Vegetable Ingredients
  • 1 medium red onion, cut into wedges Thick wedges hold together on the skewer.
  • 2 bell peppers assorted colors, cut into 1 1/2 inch pieces Mix colors for a cheerful plate.
  • Optional 8-10 cherry tomatoes Add these last to avoid bursting too soon.
  • 12 wooden or metal skewers Soak wooden skewers in water for 30 minutes to minimize charring.

Method
 

Preparation
  1. Mix the marinade by whisking together olive oil, lemon juice, soy sauce, honey, minced garlic, cumin, smoked paprika, and black pepper.
  2. Place chicken cubes in a resealable bag or glass bowl, pour the marinade over and toss to coat.
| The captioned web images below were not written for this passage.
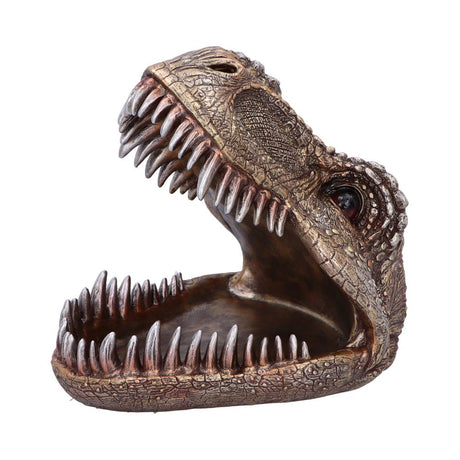 Metallic Tyrannosaurus Rex Head Trinket Dish - Figures & Collectables at Gift Moments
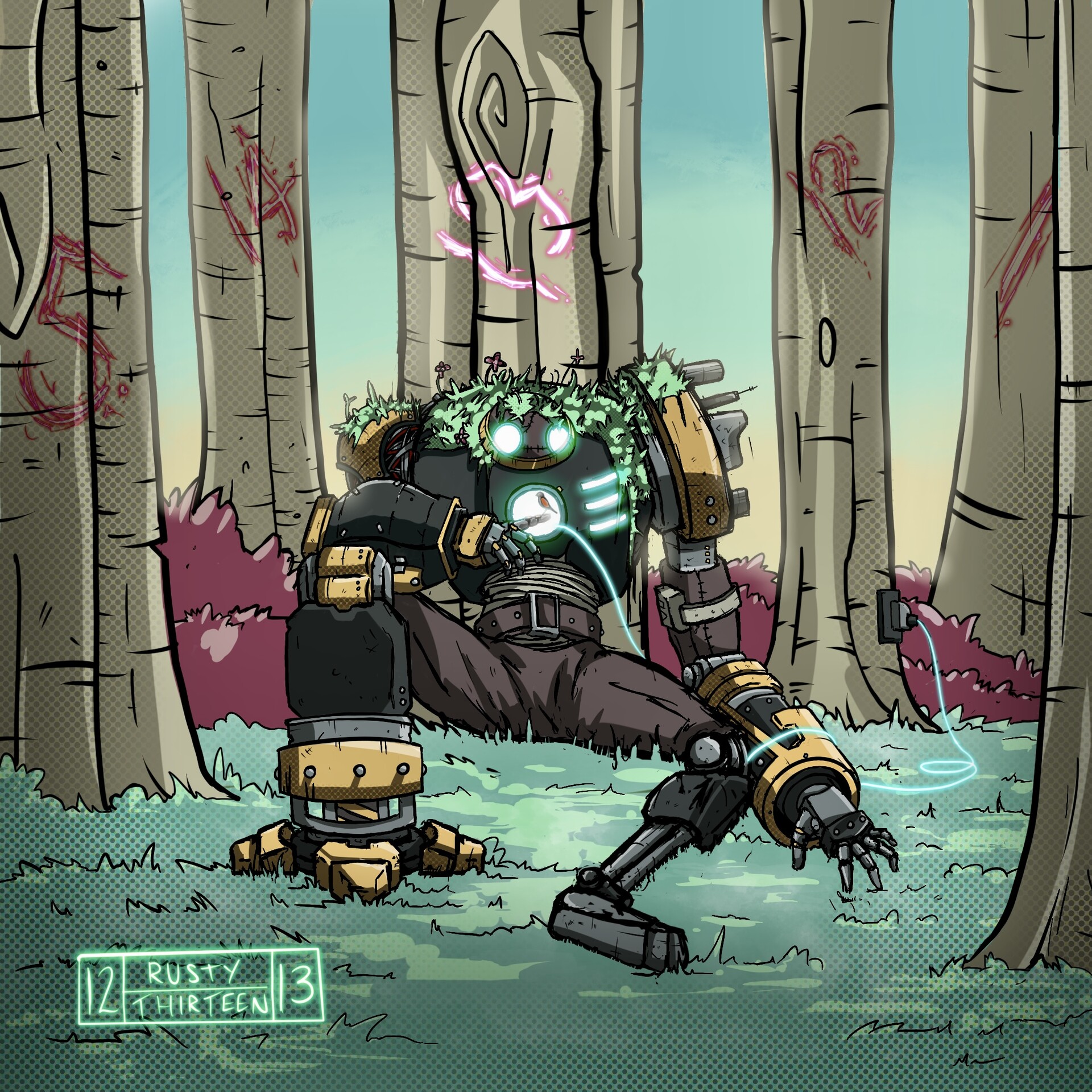 ArtStation - Inktober 12 Rusty + 13 Thirteen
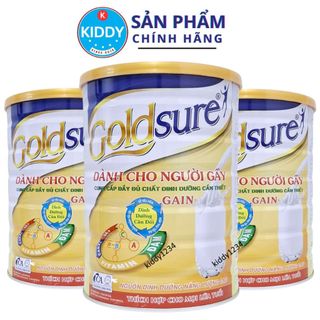 Sữa tăng cân GOLDSURE GAIN NL 900g dành cho người gầy, thích hợp mọi lứa tuổi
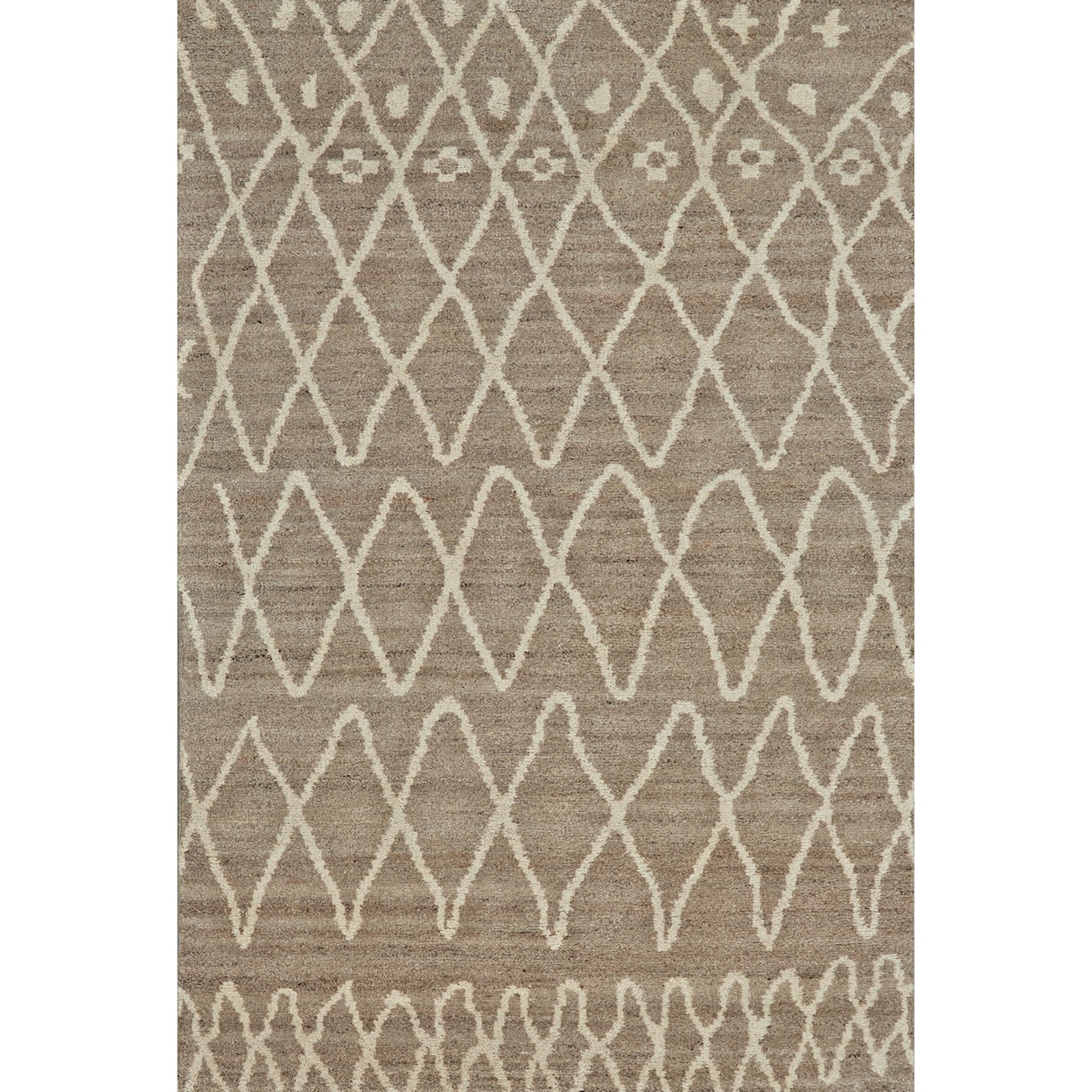 Feizy Rugs Barbary Natural/Slate 7'-9" x 9'-9" Area Rug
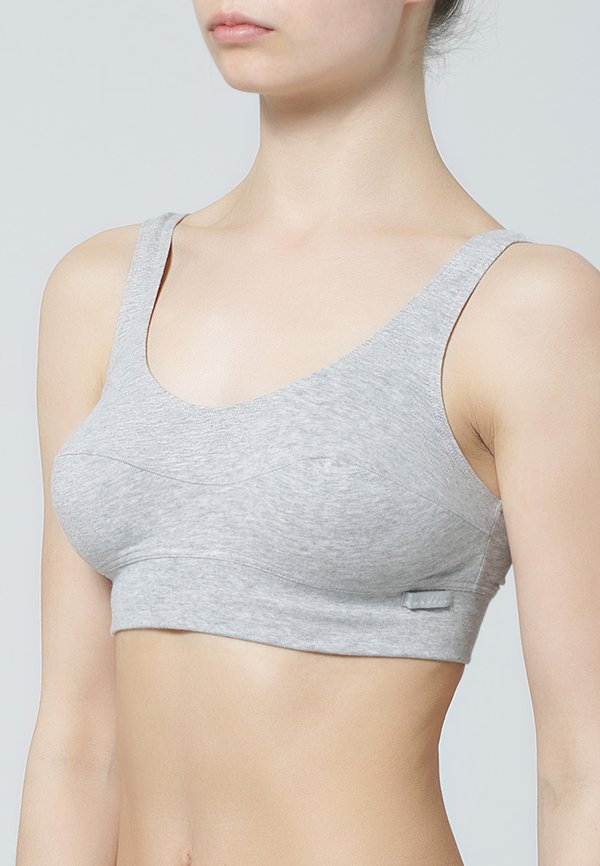 ELASTIC - Bustier - stein meliert3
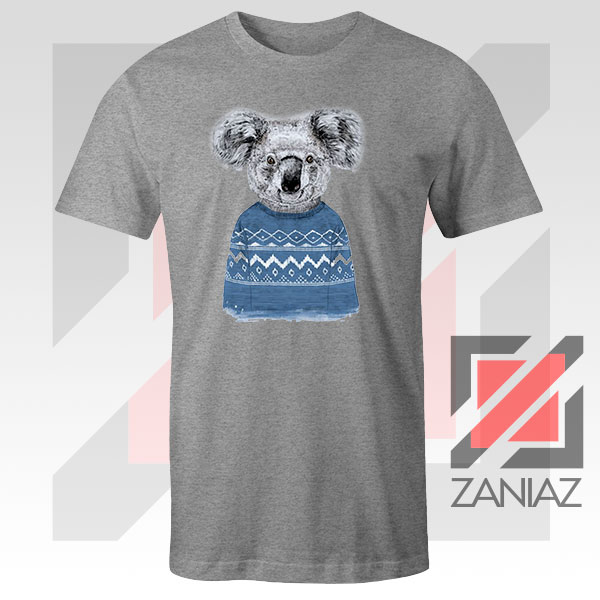 Winter Koala Christmas Sport Grey Tshirt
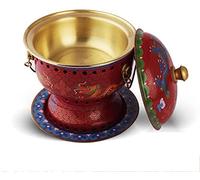 Pentola calda in rame, stile tradizionale cinese mongolo, materiale in rame puro resistente per un'esperienza di cucina autentica, ideale per riunioni di famiglia e celebrazioni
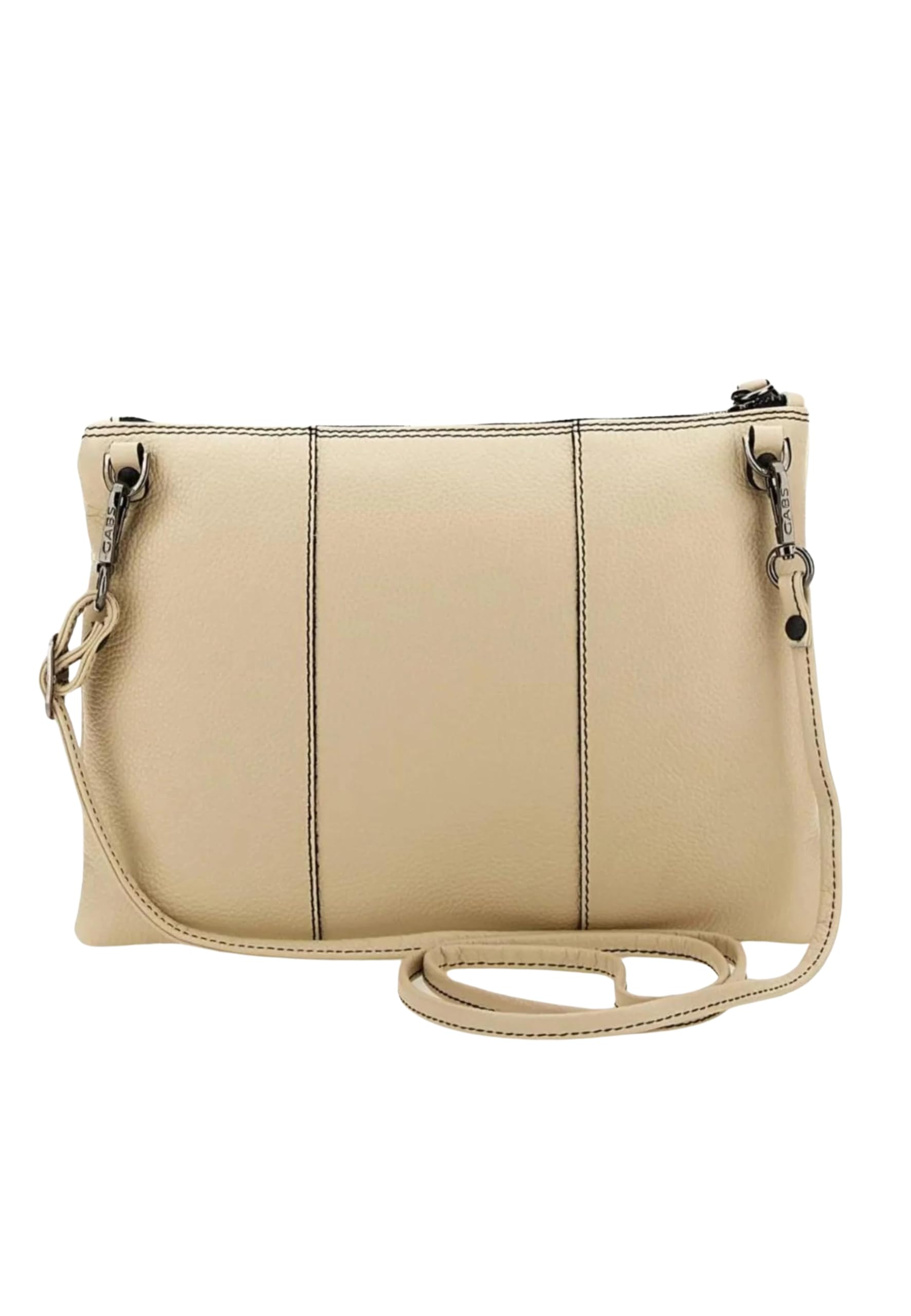 gabs-beyonc-pochette-tracolla-m-burro-logo-black-in-pelle-con-zip image 2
Let sit for 15 minutes at room temperature or refrigerate for 2 to 4 hours.
  3. Preheat the grill to medium-high, about 400°F to 425°F. Thread chicken, onion wedges, bell peppers, and optional cherry tomatoes onto skewers.
  4. Oil the grill grates with a brush or towel dipped in oil to reduce sticking.
Cooking
  1. Place skewers on the grill and cook for 10 to 12 minutes, turning every 3 to 4 minutes until chicken reaches an internal temperature of 165°F.
  2. Remove kabobs from grill and let rest for 3 to 5 minutes before serving.
Serving
  1. Serve kabobs family-style with warm pita, steamed rice, or salad. Consider adding a garlic yogurt sauce on the side.

Notes

Cooked kabobs keep in the fridge for up to 4 days. Reheat in the oven or stovetop, but avoid microwaving if possible. Freeze in portions for up to 3 months.